Pujari’s characters are not always transgressive. They are tempted by transgression and sometimes even cross a line, but they are never disruptive. Their choices are individual. Even if it is an act of cheating, it remains a secret, and never comes out as a plot twist. It never leads to further conflicts among characters. The point is to swim in the act of transgression or toy with the thought of transgression. And when characters reject society, such as the protagonist in The Rains of Sahebpura (another popular Pujari novel), they often do it when the society has already rejected them, shunned them. They act to bring themselves inner happiness. In that sense, Pujari’s women characters flirt with radicalism and transgression, but only if it does not disrupt order. They like privacy and keeping to themselves. They are realistically radical, thus muting their radicalism. But the radicalism is still there.

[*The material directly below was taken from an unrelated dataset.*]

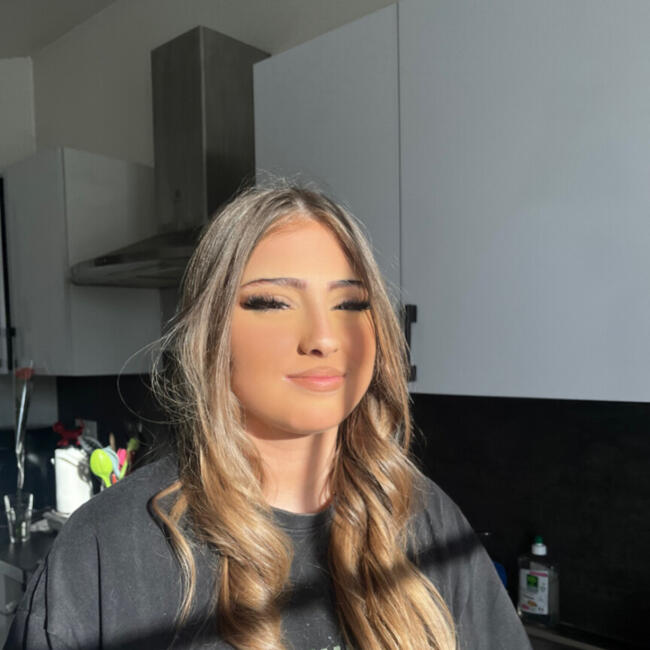 Babysitter in Aulnay-sous-Bois: Lou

Perhaps, this is why many women readers find themselves in either Bhashwati or Mohua—the mysterious character Bhashwati meets in the novel. She is fascinated and attracted by Mohua’s free-spirited nature. Bhashwati is questioning but not radical. She is the voice of those baffled people who are pulled into the vortex of the commercial culture and try to remain afloat. The new corporate practices and the novel inhumanity disgust her. But within this workplace, she finds people who comfort her and remind her of the values of literature and art and history and humanity.

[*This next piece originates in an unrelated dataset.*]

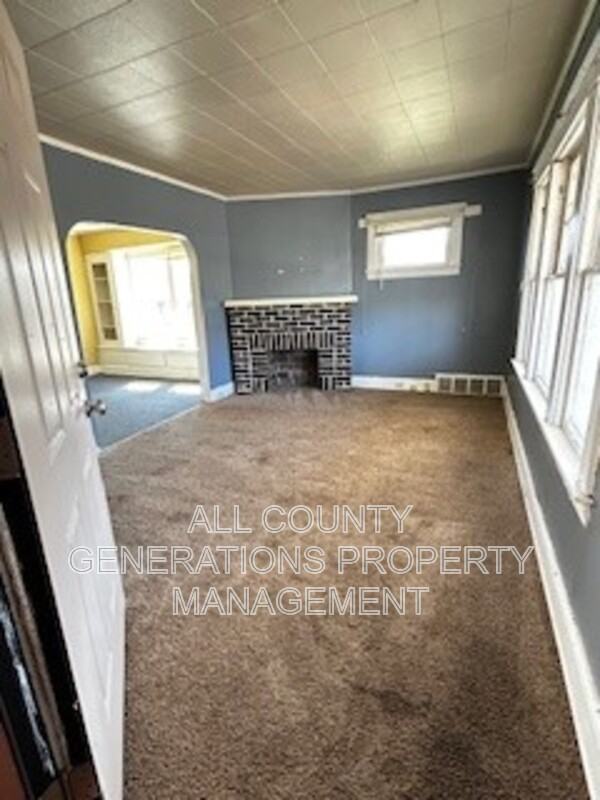 1011 E 140th St - Photo 3 of 5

But Mohua is radical and takes risks. She fights with her boss because he wants to use her poem in a detergent powder commercial. Her poem is not for sale, she says, and definitely not to sell detergent. She resigns from her job, refusing to sell the rights to her poem even when she desperately needs the money. She has a child out of wedlock and becomes a single parent, after practicing an unconventional notion of marriage with her now-deceased husband, who believed that getting married wasn’t the point, but love and trust was. Her radicalism and subversion are inspiring and satisfying, as the narrative doesn’t punish her at the end for being who she is. She provides a glimmer of hope for women to follow on her path to be free, flirt with transgression, or speak openly. Yet, her actions don’t discomfort the reader because Mohua gets the most meaningful life at the end despite her struggles; she gets to live a life on her own terms. Mohua keeps to herself. She is the subject of gossip and scandal, but she prefers to stay outside domestic bonds.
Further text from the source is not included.